Exercise goal | Starting at the line that contains "Art Deco Flower", copy every line through the end of the records below exactly as written, leaving out pictures.

Provided records |

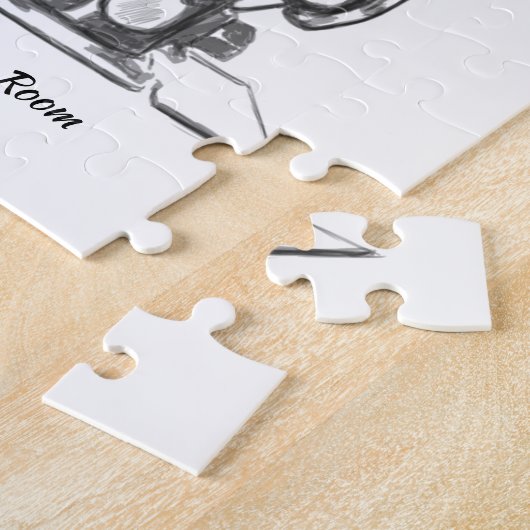 裁縫機械引用文テーラー白黒パズル ジグソーパズル (側面)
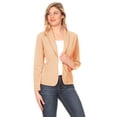 thumbnail image 1 of Moa Collection Women's Solid Casual Office Work Long Sleeve Open Front Blazer Jacket, 1 of 6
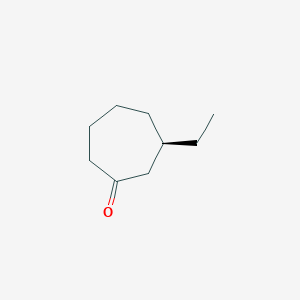 molecular formula C9H16O B14244231 Cycloheptanone, 3-ethyl-, (3R)- CAS No. 203312-05-4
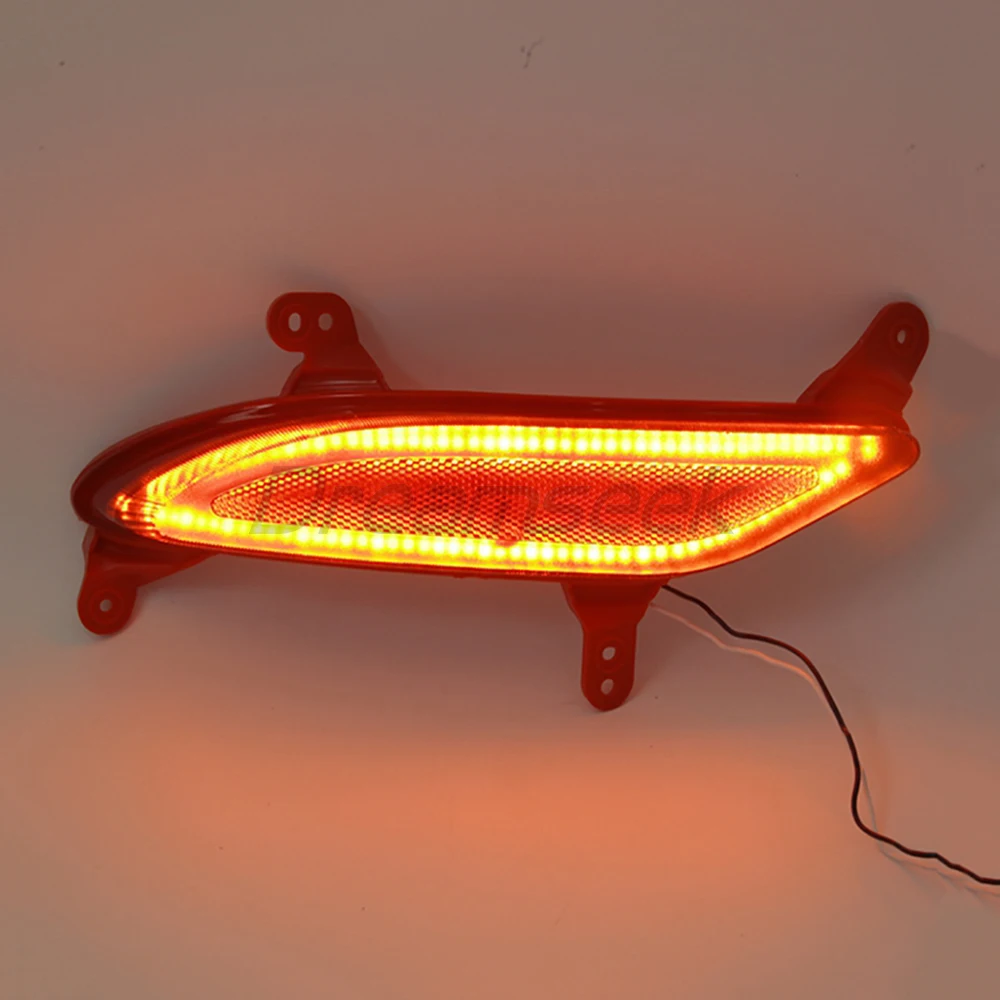 2Pcs LED Reflector Rear Bumper Tail Light for Hyundai Santa Fe Sport 2013 2014 2015 2016 Driving Fog Lamp Taillight Left + Right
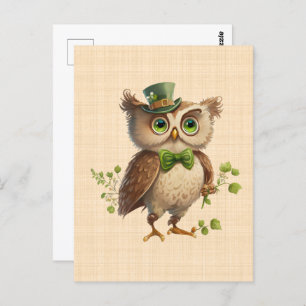 Saint Patrick - Eule mit grünem Hut Postkarte
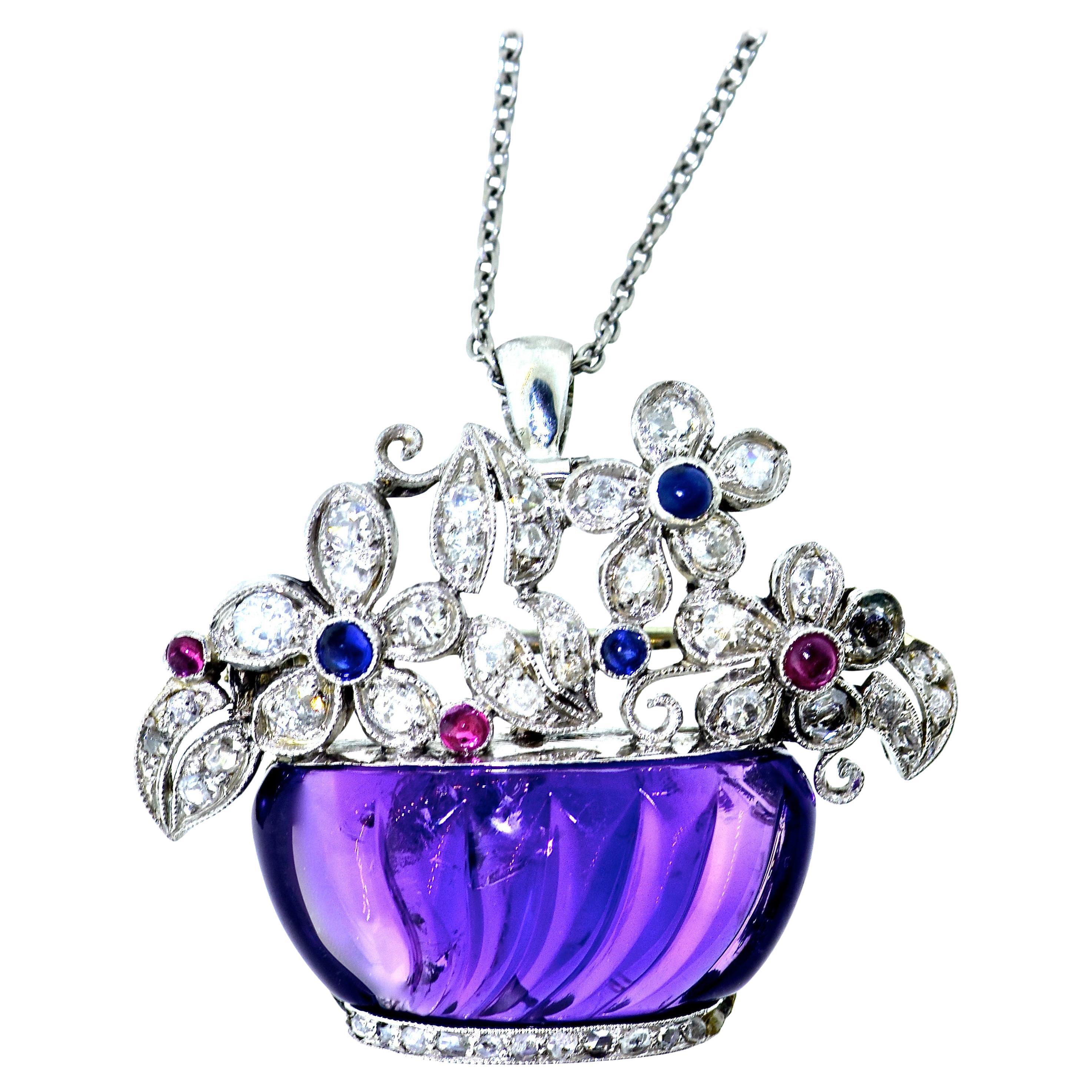 Art Deco Flower basket with Amethyst, Diamond, Sapphire and Ruby, circa 1925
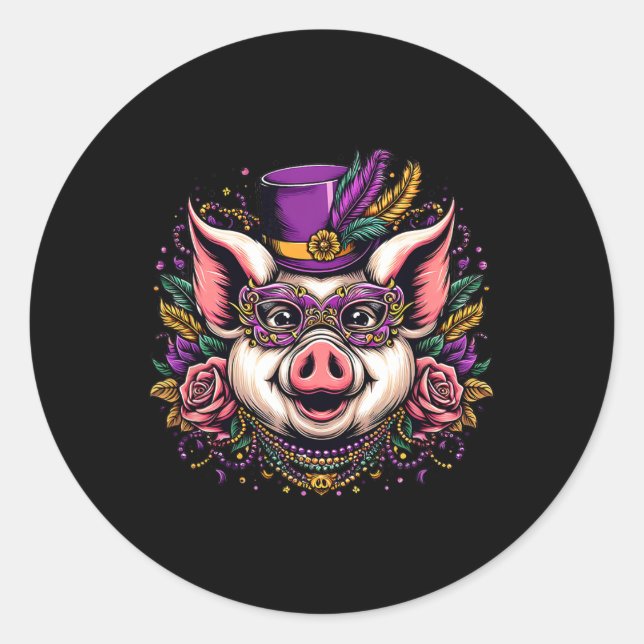 Mardi Gras Pig  Classic Round Sticker (Front)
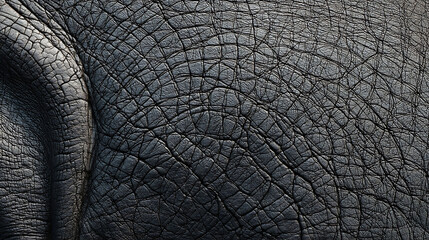 Macro View of Elephant Skin Texture with Cracks cracked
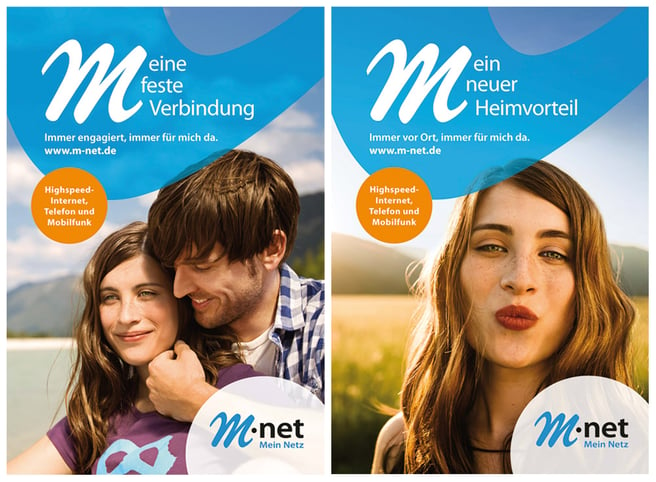 Relaunch-Kampagne von M-net: Citylight-Plakate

Solution for this task |
 Art Deco Flower basket with Amethyst, Diamond, Sapphire and Ruby, circa 1925
 Mardi Gras Pig  Classic Round Sticker (Front)
 Macro View of Elephant Skin Texture with Cracks cracked
 Relaunch-Kampagne von M-net: Citylight-Plakate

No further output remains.